Każdego roku policja, straż pożarna, a także ratownicy wodni przypominają podstawowe zasady, o których powinniśmy pamiętać w czasie wypoczynku na wodzie. Sobotnia tragedia na jeziorze Tałty na Mazurach pokazała, że w każdych okolicznościach pamiętamy np. o kamizelkach ratunkowych, czy rozwadze.

REKLAMA

Sobotni rejs motorówką po jeziorze Tałty dla siedmiu osób okazał się dramatem. Łódź nabrała lewą burtą wody, a potem po przewróceniu się do góry dnem zaczęła tonąć. Sześć osób znalazło się w wodzie - czterech dorosłych i dwoje dzieci. Im nic się nie stało, ponieważ szybko zareagowali świadkowie. Żeglarze, którzy widzieli całe zajście podpłynęli i rzucili poszkodowanym koła ratunkowe i kamizelki. Niestety w kabinie motorówki została 8-letnia dziewczynka. Jej ciało wydobyto kilka godzin później.
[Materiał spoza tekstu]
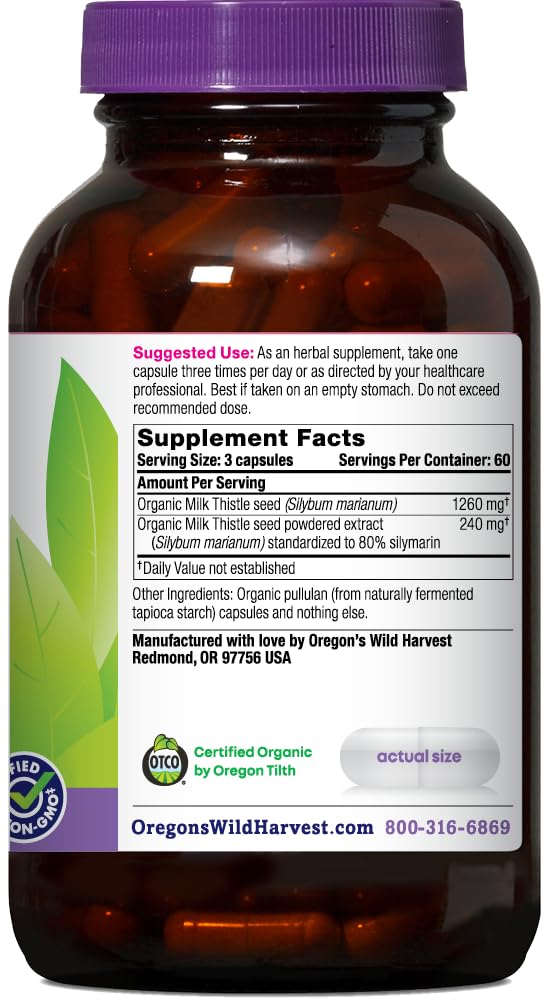 Oregon's Wild Harvest etiqueta lateral con ingredientes y beneficios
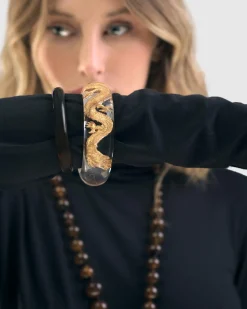 Women Alembika Accessories<Dragon Inlay Bangle Bracelet, Gold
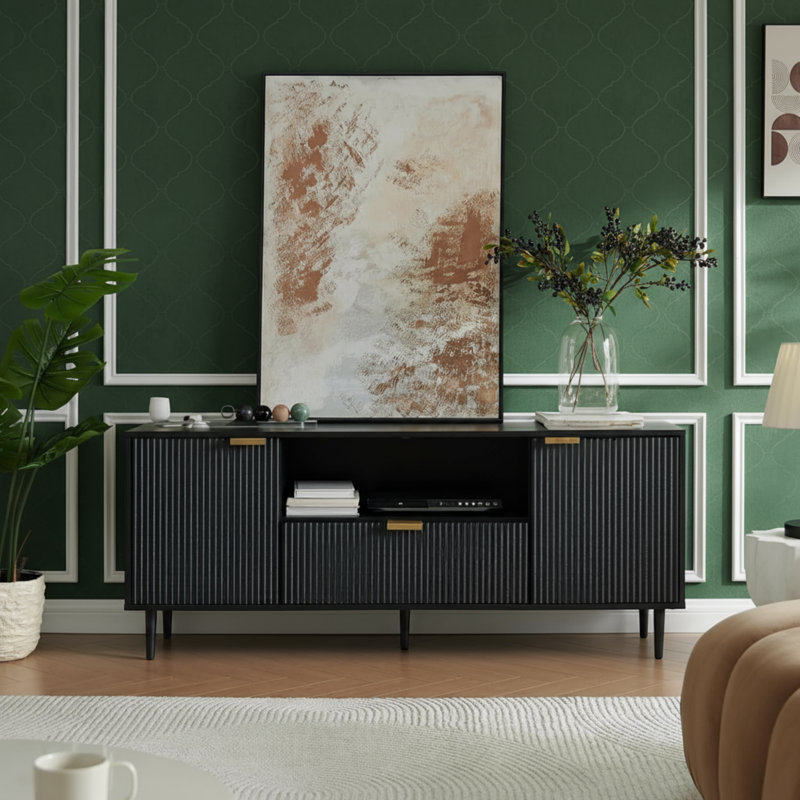 Black Wood Recessed TV Cabinet, Suitable For 65-Inch Tvs, Versatile For Both Guest And Bedroom Use, Features Drawers And Storage, Soft-Close Hinges And Cable Management.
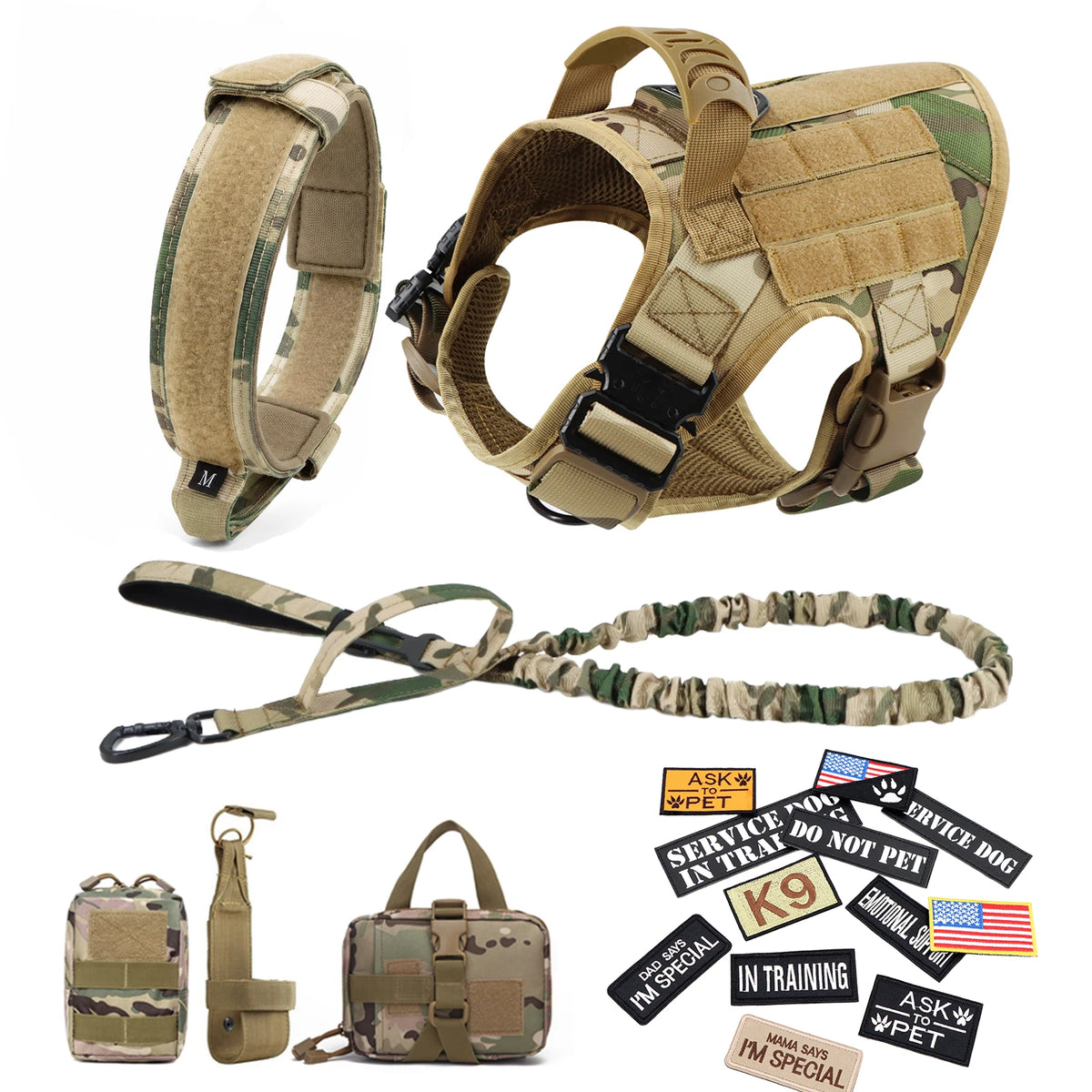 Tactical Dog Harness Vest Training Gear With Quick Release And Padding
Jakie wnioski powinniśmy wyciągnąć po takiej tragedii?

Przede wszystkim za ster jachtu, czy motorówki powinniśmy chwycić tylko, gdy mamy odpowiednie uprawnienia. W tym przypadku sterujący motorówką 41-latek nie posiadał wymaganego patentu motorowodnego.

Brawura, przecenianie własnych umiejętności, brak doświadczenia to niestety wciąż grzechy główne osób, które korzystają ze sprzętów pływających - mówi aspirant Tomasz Markowski, rzecznik warmińsko-mazurskich policjantów.

Brak uprawnień można porównać do sytuacji, gdy dana osoba całe życie jeździ rowerem i nagle dostaje do prowadzenia samochód. Druga sprawa dotyczy środków ratunkowych. Ratownicy od lat podkreślają, że kamizelki, czy koła powinny być zawsze pod ręką, a najlepiej mieć kapoki, czy kamizelki asekuracyjne na sobie. Niestety coraz częściej widzimy, że nie dość, że kamizelki nie są założone, nawet przy złej pogodzie, w dodatku są gdzieś pochowane w bakistach, a czasem nawet zamknięte na kłódkę. To proszenie się o dramat - mówi Jarosław Sroka, szef bazy MOPR w Giżycku.

Jeżeli mamy załamanie pogody, albo sternik płynie szybko, wykonuje jakieś gwałtowne manewry - absolutnie wszyscy powinni być na pokładzie. W innym przypadku, po wywrotce osoby wewnątrz kabiny mogą po prostu zostać tam uwięzione.

Na szlaku Wielkich Jezior Mazurskich robi się coraz tłoczniej. Ratownicy i policjanci odnotowują więcej zderzeń różnych jednostek. Apelujemy, żeby patrzeć na siebie. Gdy jest duży ruch nie szalejmy, nie ustawiajmy manetki gazu na najwyższe obroty, bo możemy stworzyć zagrożenie innym, prawidłowo płynącym żeglarzom, sternikom motorówek, czy kajakarzom.